• _Requirement_: Could you write out, exactly and with no pictures, every line from the one containing "Puxador Plymouth 80mm Branco Zen" through the last line of the entries?

• _Material for this exercise_:
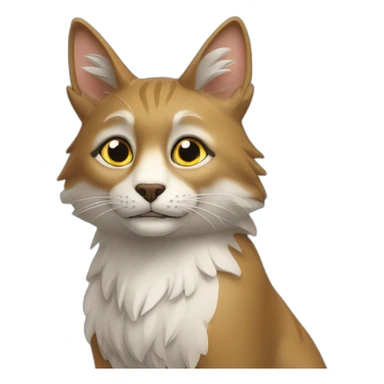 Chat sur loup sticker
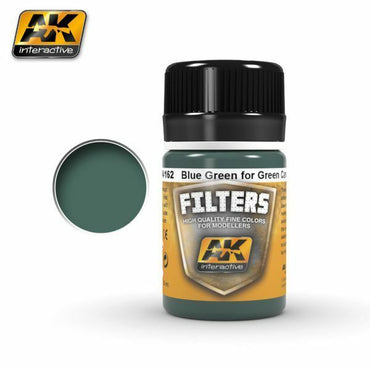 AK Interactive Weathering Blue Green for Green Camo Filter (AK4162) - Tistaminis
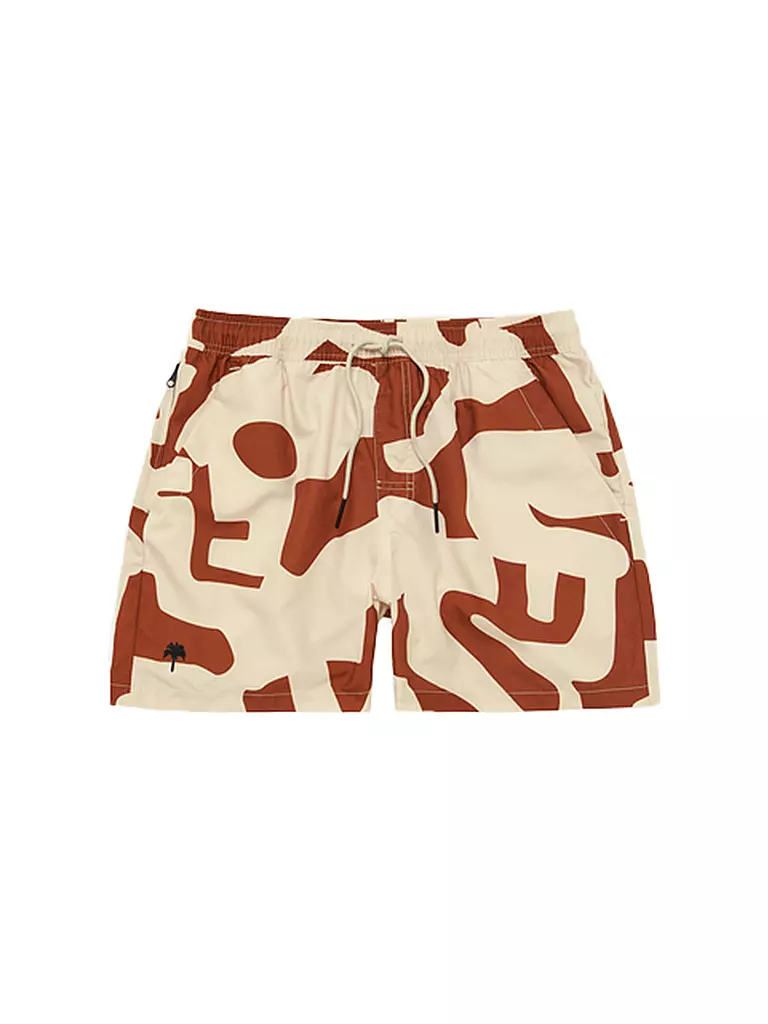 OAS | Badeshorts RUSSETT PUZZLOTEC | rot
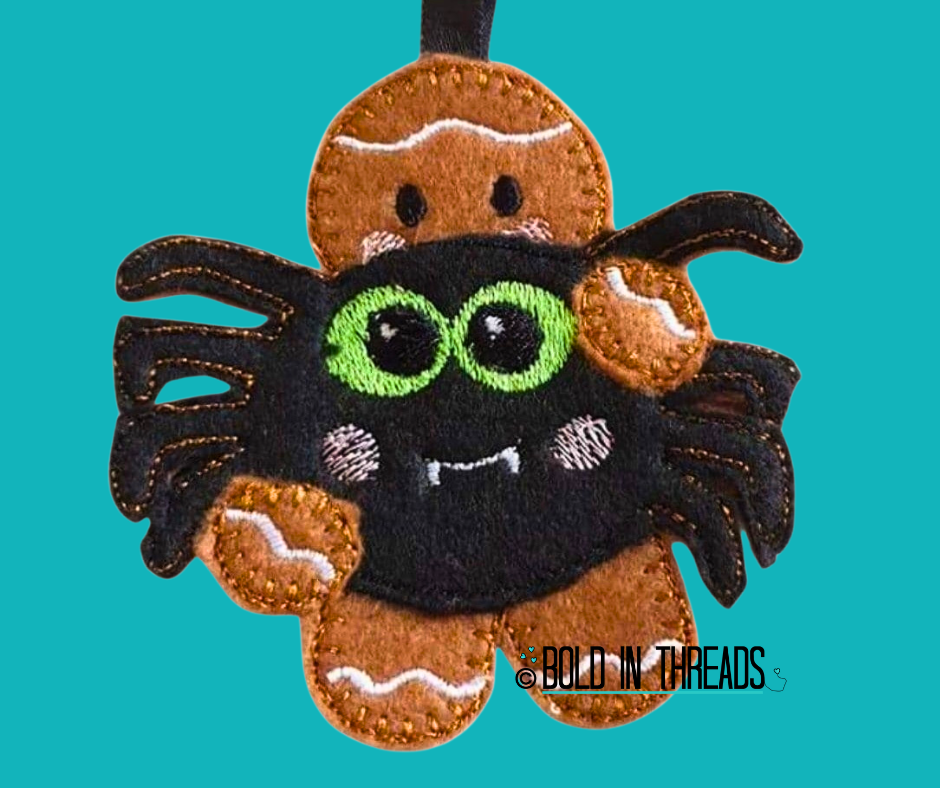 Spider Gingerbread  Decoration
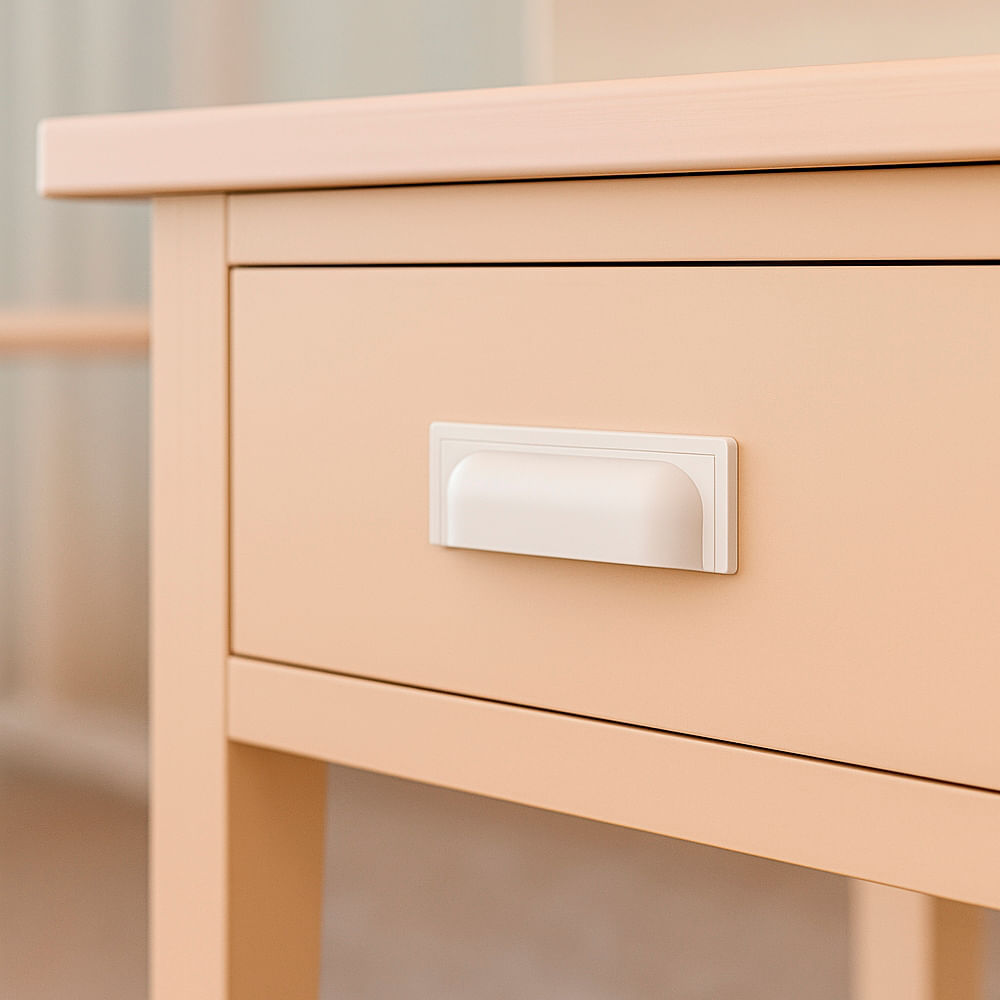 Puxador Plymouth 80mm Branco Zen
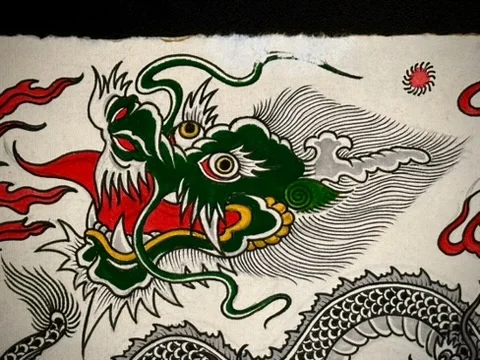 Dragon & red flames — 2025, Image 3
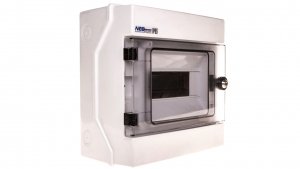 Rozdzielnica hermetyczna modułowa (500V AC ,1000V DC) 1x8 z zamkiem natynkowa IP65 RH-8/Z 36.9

• _Written solution_:
 Puxador Plymouth 80mm Branco Zen
 Dragon & red flames — 2025, Image 3
 Rozdzielnica hermetyczna modułowa (500V AC ,1000V DC) 1x8 z zamkiem natynkowa IP65 RH-8/Z 36.9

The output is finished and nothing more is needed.